The winning architectural design was chosen from 40 entries narrowed down to five finalists, said Lowry. The finalists, working within an allocated project budget of $70,000, were required to incorporate elements of shade, seating, water and bar areas into their project proposals after visiting the site for inspiration.
The 2009 Young Architects Program is sponsored by Bloomberg, with additional support provided by the Bertha and Isaac Liberman Foundation, Jeffrey and Michele Klein, Agnes Gund, The Contemporary Arts Council of The Museum of Modern Art, Elise Jaffe Jeffrey Brown and Con Edison.
Despite the economic meltdown, there was never any question of not providing funding for this year’s Young Architects Program, a vital launching pad for young architects’ careers, said Barry Bergdoll, the Philip Johnson chief curator of architecture and design at MoMA.
“‘Afterparty,’ for us, isn’t the end, (but) is a mark of continued commitment for making things happen,” he said.

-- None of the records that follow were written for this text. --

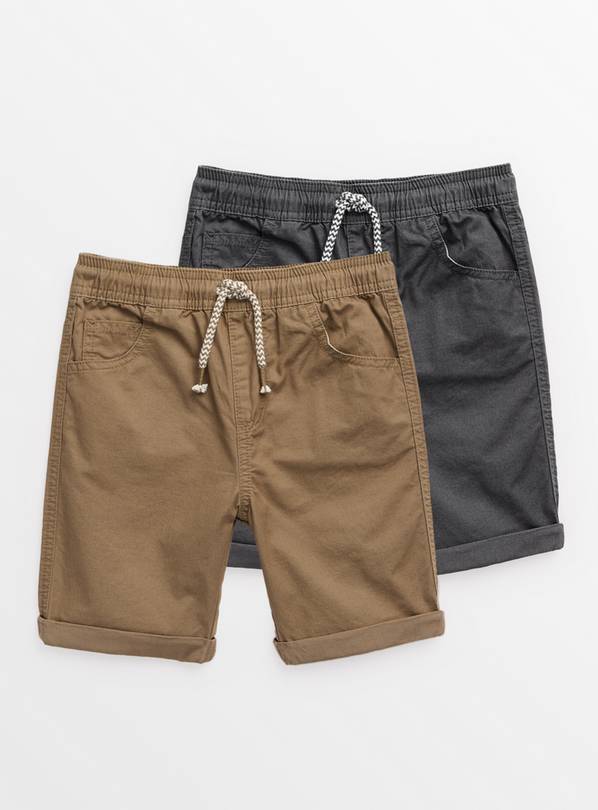 Khaki & Charcoal Twill Shorts 2 Pack 12 years
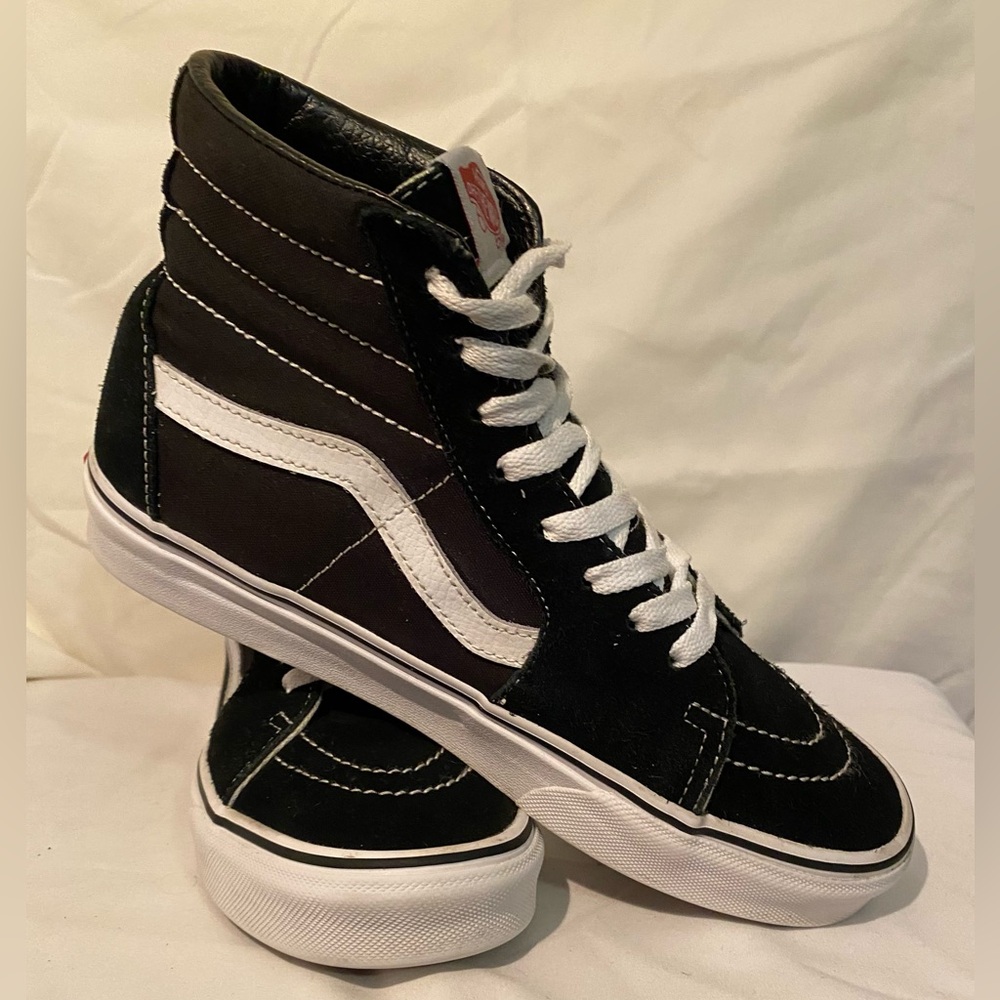 Vans Off the Wall Sk8 Hi Racing‎ Black and White Sneakers Mens Size 7.0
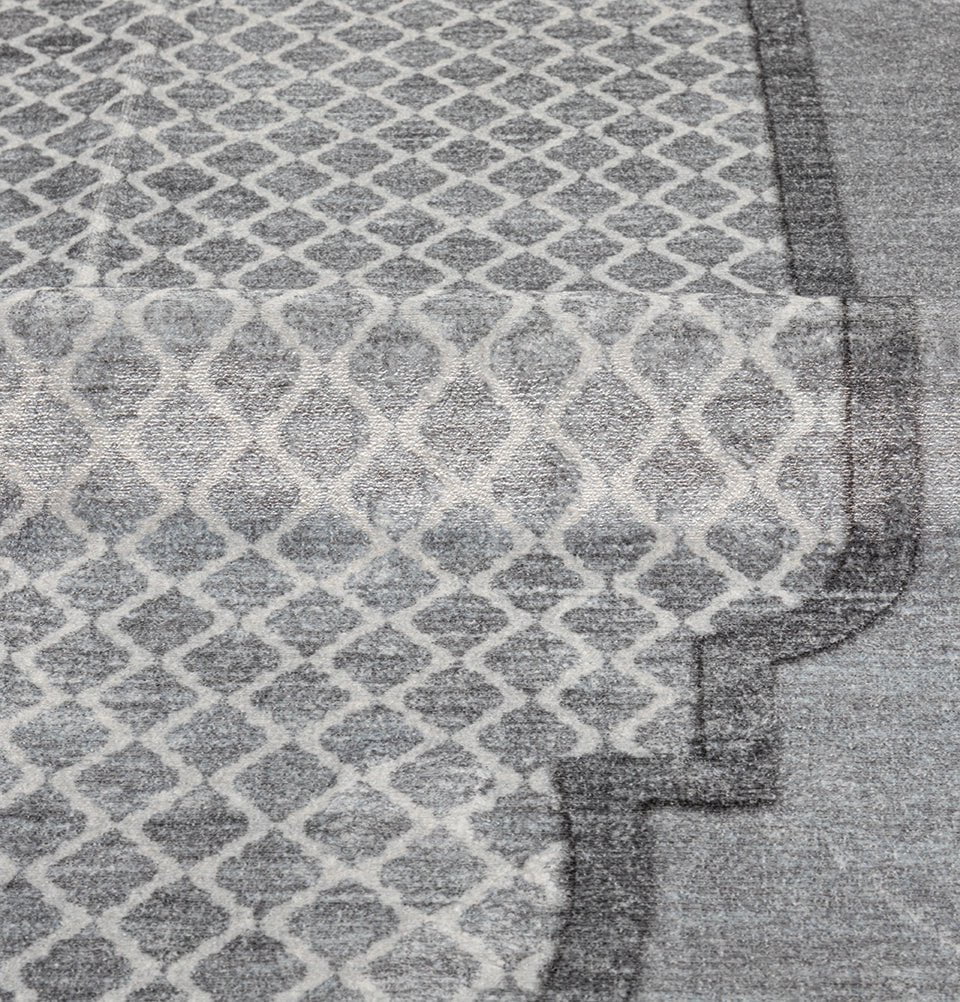 Modefa Prayer Rug Couple’s Sweetheart Velvet Islamic Prayer Rug Set - Silvery Gray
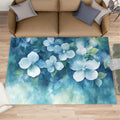 Florals Rugs for Bedroom, Watercolor Florals Rug 6x8, Fresh Flowers Dining Room Rugs Washable & Non Slip Large Carpet for Home Decor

More than 40 volunteers, who were undeterred by the rain, helped to assemble “afterparty” in P.S.1’s courtyard, said Sample. To create a refuge for overheated Warm Up participants, the architectural duo located the coolest pocket of air in a rear corner of the courtyard, and constructed chimneys to form a passive cooling system, said Meredith.
Warm Up performers include Berlin-based disco DJ Danny Wang, ethereal rock group Stars Like Fleas, and eminent experimental performer Glenn Branca. Admission is $10, which gives visitors access to both Warm Up and all museum exhibits.
Warm Up furthers P.S.1’s mission of showcasing all different art forms, including contemporary music, according to Warm Up co-curator Zach Layton, managing/technical director of Brooklyn’s Issue Project Room. The music series fits in with one of the great trends in contemporary art—participation, he said.
“The idea of a medium has somewhat evaporated, and what you’re left with is a viewer and the work,” said Layton. “This idea of participation very much resonates with the idea of a large party in the courtyard (of) the museum.”